Learning for the City

by Warren Rosenberg

January 12, 2005

For 24 years, Professor Warren Rosenberg dreamed of taking students to his hometown of New York City—not just to learn about it, but to make the City their own.

As soon as I opened the door to Katz’s Deli, I knew that the students in my New York City in Literature and Film class were about to take a major exam.

We were all starving after our boat ride to Ellis Island, and I had forgotten that express trains can miss stops on Sundays; so we had just walked more than a mile-and-a-half from 14th Street at Union Square to the deli on Houston Street on the Lower East Side.

I had forgotten Sunday was the major shopping day downtown.

I also failed to recall that Katz’s has virtually no table service.

As all 17 of us piled into Katz’s we were hit by a wall of noise. Sophomore Billy Whited called it "a quintessential New York experience: people yelling on cell phones so that they could be heard over the murmur of the crowd; people cursing at each other seemingly for no reason at all; people jockeying for position in nonexistent lines. And the surly guys behind the counter wouldn’t let Professor Abbott have any soup. What a hellhole!"

Or, to put it more discreetly, getting a corned beef sandwich and a drink was tougher than solving a problem on an advanced calculus exam.

Yet in 30 minutes we were all polishing off our cheesecakes and feeling not only pleasantly full, but as if we’d aced the test. The students had figured it out. On Day One of their immersion trip to New York City, they had taken their first bite out of the Big Apple and hadn’t choked.


I had been dreaming of teaching a course on New York City since I emigrated from there to Crawfordsville in 1980. Born and raised in Brooklyn, I spent most of my first 30 years within a few miles of Times Square.

Although I have become somewhat of a Hoosier—visited Brazil, Peru, and even Lebanon right here in the Heartland, raised my daughter here, spent time on an actual hog farm, bought a riding mower, and even replaced my beloved Knicks with the Pacers—I am still, at my core, a New Yorker. I lose patience with native Hoosiers who stand behind me in Kroger, while my cart blocks their way, without saying a word.

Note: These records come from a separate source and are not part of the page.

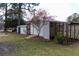 Outdoor shed with wooden lattice and covered area providing ample space for storage or hobby area at 1316 Milstead Ave, Conyers, GA 30012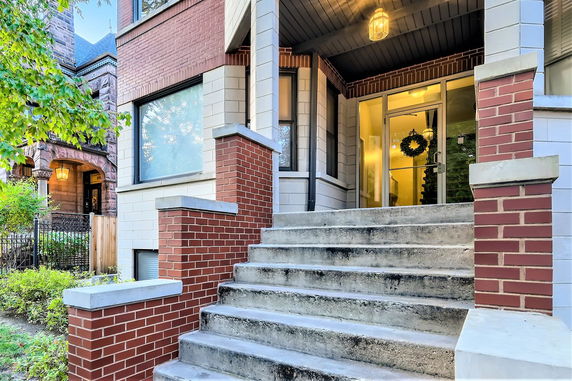Front view of a brick house with a staircase leading to the entrance.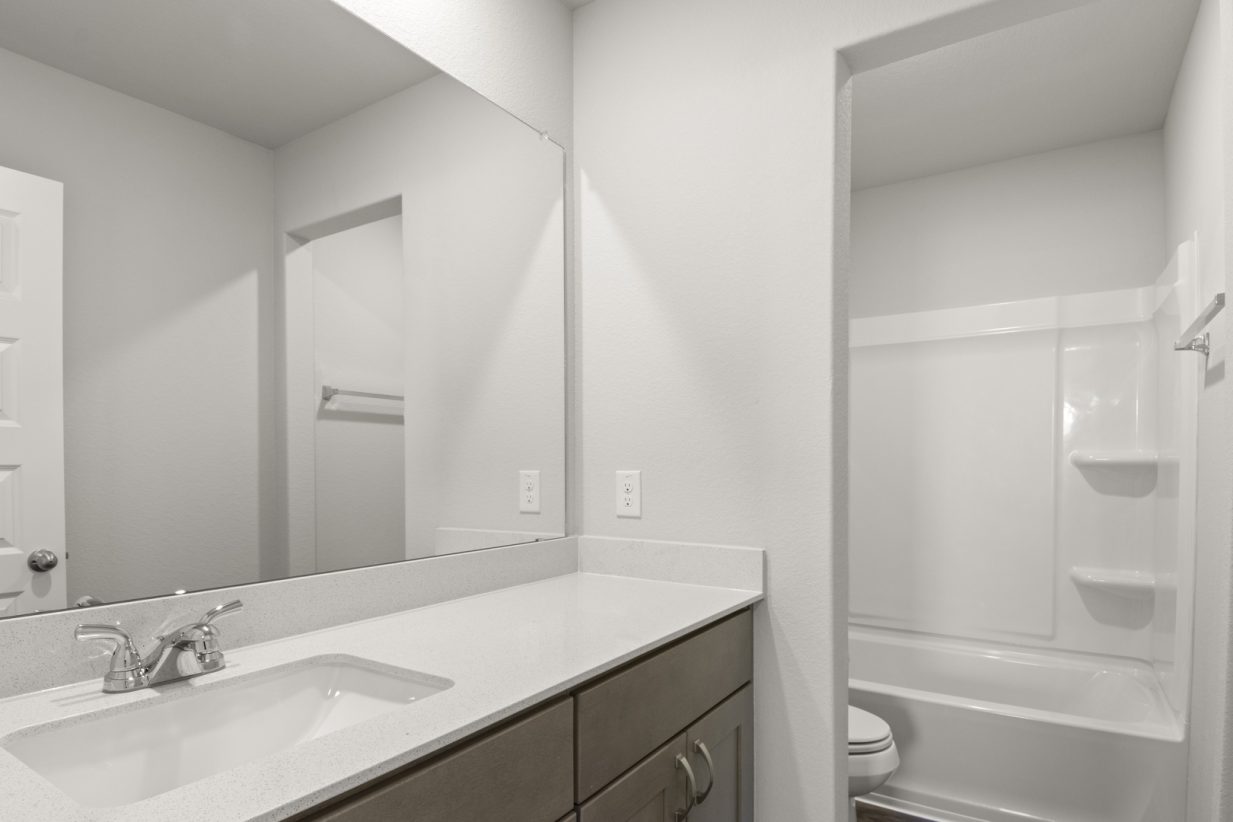 Image of a bathroom with a semi private water closet and white vinyl shower, and a white vanity with a mirror and brown cabinets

Make some noise, I think, when I see them lined up behind me. Give my cart a little bump, do something that makes me feel at home. But they just stand there, silently, smiling, waiting for me to finish reading a label.

Most Hoosiers think of New Yorkers as brash, fast-talking, always moving, competitively seeking the main chance—and many are. We are, in general, the cultural antithesis of Midwesterners. I hoped my students would not only learn to appreciate these differences, but also see the deeper value of the City as a symbol of American creativity, diversity, and acceptance. My City is all about making it new—in art, in commerce, in social reform.

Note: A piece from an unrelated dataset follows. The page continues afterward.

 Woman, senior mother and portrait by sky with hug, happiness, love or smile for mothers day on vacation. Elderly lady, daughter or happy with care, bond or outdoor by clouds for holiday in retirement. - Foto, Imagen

Yet the major reason I wanted to teach a course about New York City to Wabash students was to enable them to learn about its incredible mixture of people and culture. Rich and poor live steps from each other. Puerto Ricans, Russians, Dominicans, Koreans, Orthodox Jews, Italians, African Americans, Colombians, and Chinese share neighborhoods, public transportation, and schools. The area we stayed in, Chelsea, has the largest population of gays and lesbians in the City, over 50 art galleries, and incredible restaurants on every street. When we decided to read a New York novel by Michael Chabon, one of the students went online and found out that he would be reading from his work in a gallery two blocks from our youth hostel. As Jacob Rump ’05, wrote in his journal, "By the end of the week, I realized that New York is a sort of breeding ground for multicultural, multidisciplinary, artistic, and human discovery." His view was, as I had hoped, shared by all of his fellow students.


I couldn’t imagine teaching a course about New York without taking the students there. The problem had always been funding. With the College’s recent institution of class immersion trips, though, I saw my opportunity, and I decided to use it for an intermediate-level course called Literature and Film. That course focuses on the critical idea of "representation," which means that any rendering of "reality" in almost any medium must be seen as a "representation" of that reality, not reality itself. In fact, postmodern critics will tell you that reality does not meaningfully exist outside the "language" we use to describe it.

Now, having lived in New York City, I can say with some assurance that it is real, often too real, but I agree with the postmodern view that there is no way to definitively capture that reality, to say, "ah, this is the City," and reduce it to any one novel, film, or building.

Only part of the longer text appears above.